Field Of Broken Dreams

I’m root-root-rooting for the home team – The Cleveland Indians. If I didn’t my father’s ghost would haunt me. He snagged seats for their last World Series win in 1948 and the loss in 1954. He stuck with them for another, largely dismal, 42 years until his death in 1996. It’s possible their loss to the Atlanta Braves in the 1995 series is what killed him, though the move of the Browns to Baltimore the same year couldn’t have helped any.

An early photo shows him in his work duds playing catch with me in the backyard. I appear to have been about five. He once told me he would have liked to have been a shortstop or a sportscaster, but many are called and few are chosen. So, he watched the Tribe on TV – first in black-and-white then in living color — with the sound turned down and the superior play-by-play of Jimmy Dudley on the radio.

When I was in school if you got good grades, or performed some useful task – like being a crossing guard – you got free Indians’ tickets. This was less generous than it sounds. The absurdly cavernous Cleveland Municipal Stadium – far better suited to football than baseball – seated 88,000. Given the perpetual inadequacy of the team, it was lucky to sell 10,000 tickets to a game.

So, the giveaways were probably smart marketing. The free kids were accompanied by paying adults, and the outfit could also count on making a buck on pennants, hats, programs, hot dogs, peanuts and crackerjack. Not to mention the hometown brew – Carling’s Black Label beer. It also seems to me the freebies were for frigid early spring games against loser teams so they were even more unsellable.

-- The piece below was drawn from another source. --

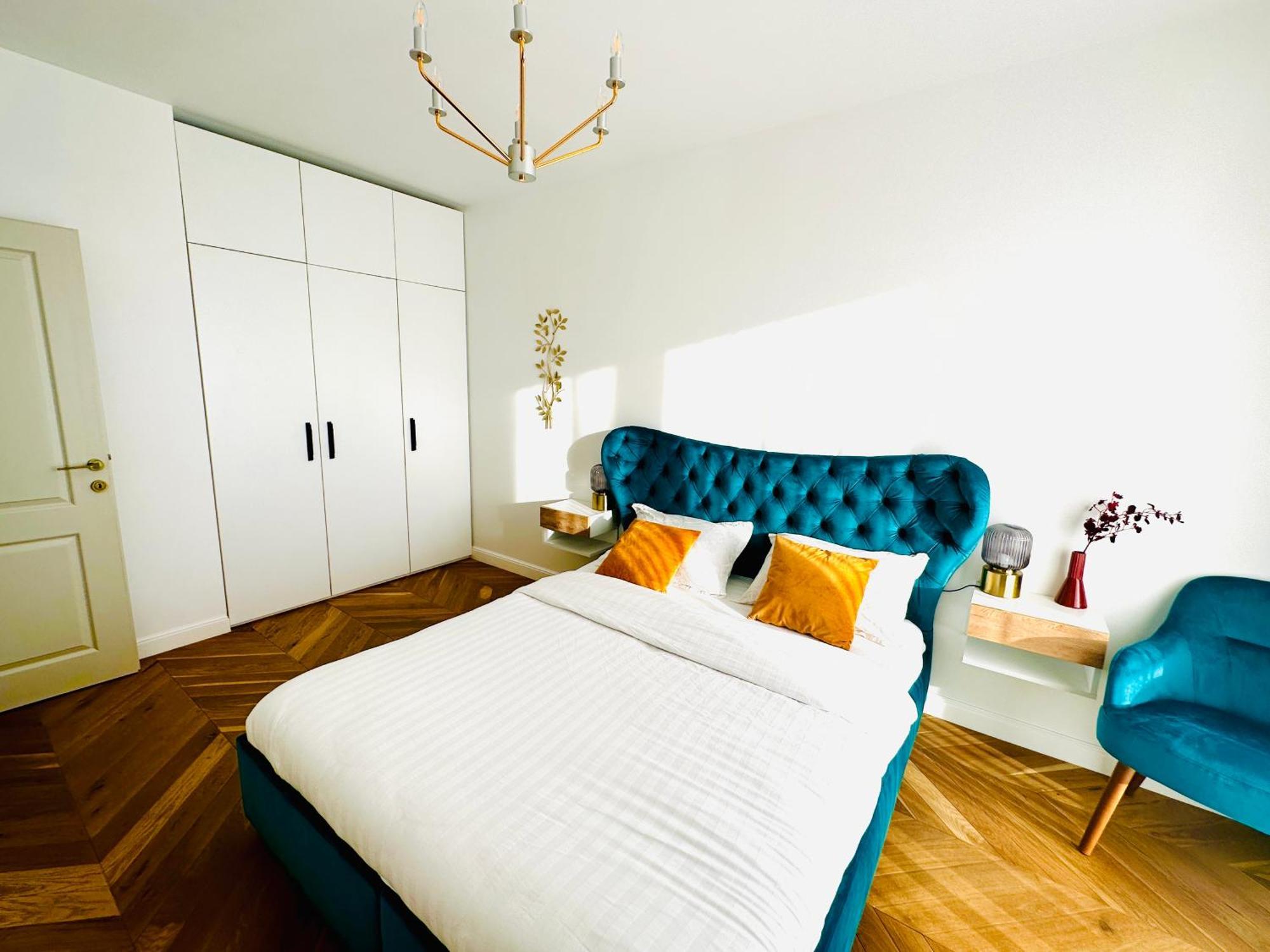 Bel Dom - The Park, Luxury 2 Rooms Apartment With Panorama Клуж-Напока Экстерьер фото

I got to see Ted Williams hit one of his last homeruns in 1960, his final season, Bob Lemon and Early Wynn pitch, and Rocky Colavito strike out – a lot. My favorite players as a kid were Minnie Minoso who had a weird bat-at-twelve-o’clock stance and Vic Power who had a cool name.

I played left field in neighborhood pick-up ball, but Little League put me off by taking much of the fun out of the game due to overly zealous adult fans and coaches. I collected baseball cards, but not obsessively like some kids. And ultimately I didn’t have the old man’s staying power. Losing year after year to the hated Yankees wore me out. And in the era of Jim Brown, watching Cleveland football was a lot less painful than sticking with the heartbreak kids.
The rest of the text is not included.